I am using the Create Linear Element component for the structural members, such as columns and beams. For these elements, I assign C30/37 concrete as the material. However, I have a question regarding whether Karamba3D considers reinforcement details within this concrete material definition.
If reinforcement is not automatically taken into account, I noticed that there is also a ReinfSteel material option among the available materials. In that case, if I assign this material, how can I define or understand the spacing, amount, and placement of reinforcement within the structural members?
More specifically, I would like to ask:
Does Karamba3D assume any default reinforcement arrangement when concrete material is assigned to linear elements?
Does the C30/37 concrete material include any reinforcement by default?
If reinforcement is not included by default, how should reinforcement be properly defined for concrete columns and beams in Karamba3D?
I would be very grateful if you could clarify how Karamba3D handles reinforcement in reinforced concrete linear elements.
currently (version 3.1.) Karamba3D can not consider reinforcement in beams directly.

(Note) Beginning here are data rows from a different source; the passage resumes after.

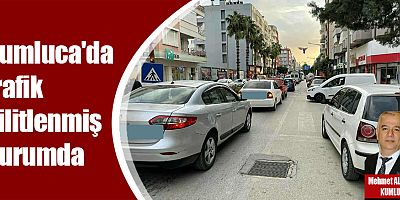 Kumluca'da trafik kilitlenmiş durumda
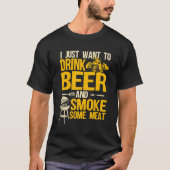 Barbecue-roken Pitmaster Design-Drink T-shirt (Voorkant)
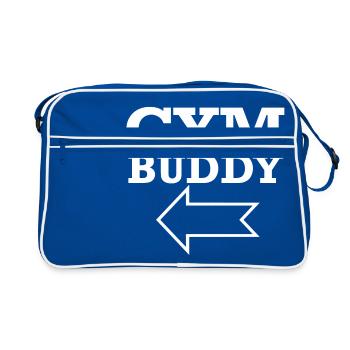 Fitness Gym Fitnessstudio Partner Shirt - Retro Bag - blue/white - Front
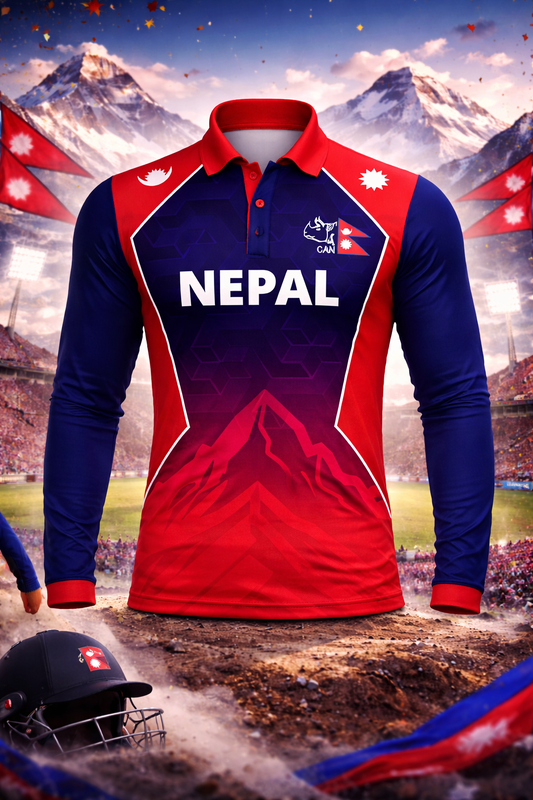 Red and blue sports jersey with 'Nepal' text on a mountainous sports field background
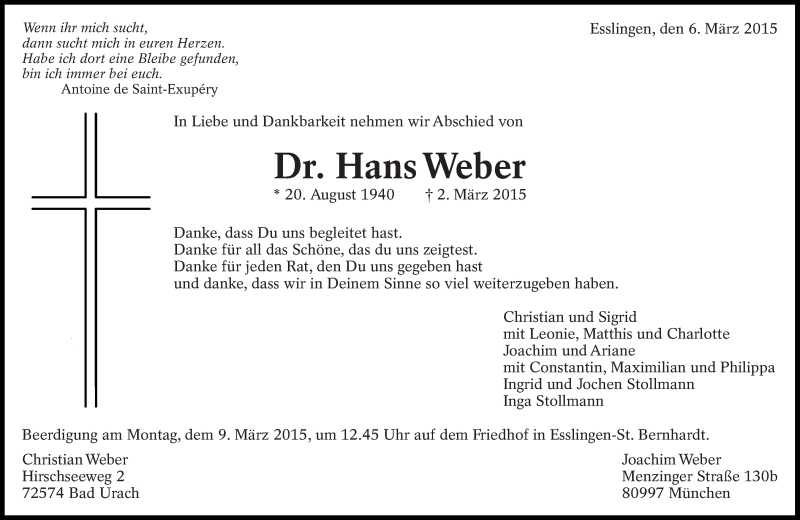  Traueranzeige für Hans Weber vom 06.03.2015 aus Eßlinger Zeitung/Cannstatter Zeitung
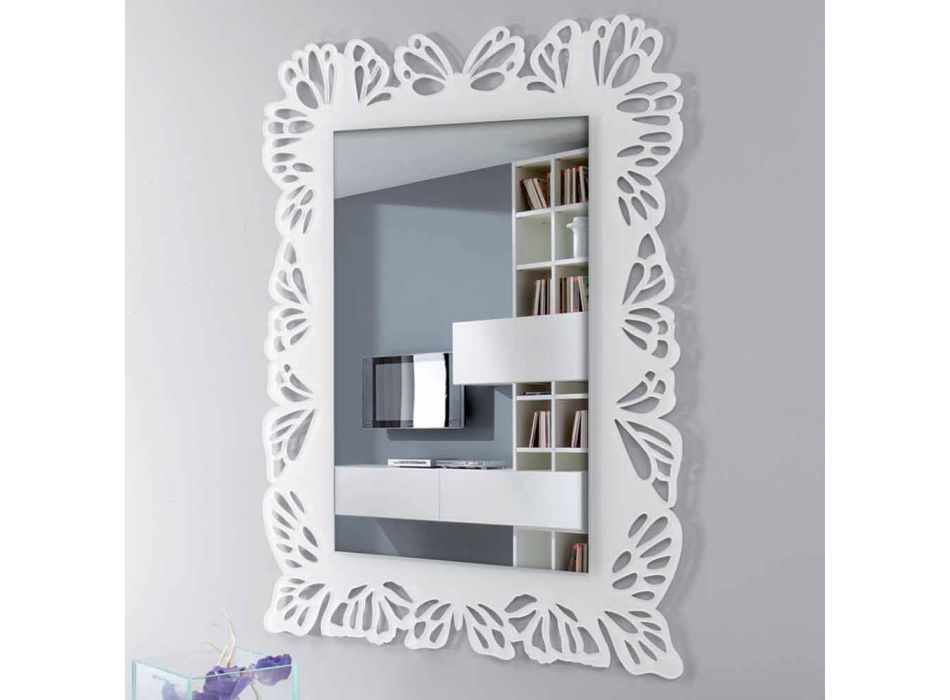 Oglinda de perete albă din plexiglas cu ramă dreptunghiulară decorată - Alidifarf Viadurini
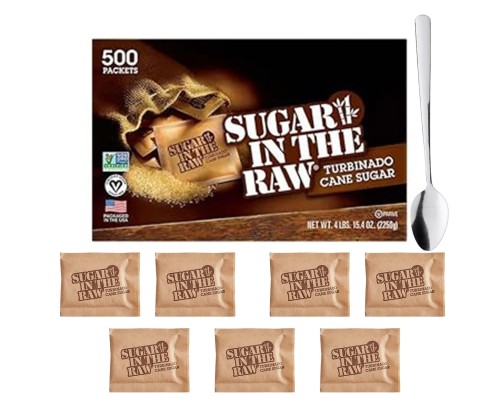 Sugar InThe Raw Packets 500 Count, Brown Sugar Packets,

For shells there is a reinforcement design component available - this is the reasson why reinforcement steel materials appear in the material table.
However, you can use Karamba3D to obtain an estimate of the RC cross section via the “Optimize Cross Section”-component: To do this, adjust the tensile strength of the concrete material so that it implicitly represents the intended amount of reinforcement—for example, by using about 20% of the actual tensile strength of concrete.
The required amount of reinforcement can then be computed externally based on the resulting cross‑sectional forces. Further information can be found here.
Just adding a workflow note to Clemens’ answer, since detailed RC design of beams and columns is currently outside Karamba’s scope: One fairly established approach for this kind of topic is to keep Karamba for the parametric / early-design part inside Grasshopper (form-finding, topology studies, cross-section pre-sizing with the tensile-strength trick Clemens mentioned), and then hand the model over to a dedicated FE tool for the actual EC2 reinforcement design.
If you have access to RFEM (Dlubal) at your university, there are two practical handover paths worth knowing for a thesis:
That way Karamba does what it’s good at (fast feedback in Grasshopper), and the rebar design (crack width, ULS/SLS, detailing) happens in a tool built for it. Methodologically that can also be a clean structure for the thesis itself: parametric design upstream, verification in a standard FE package downstream.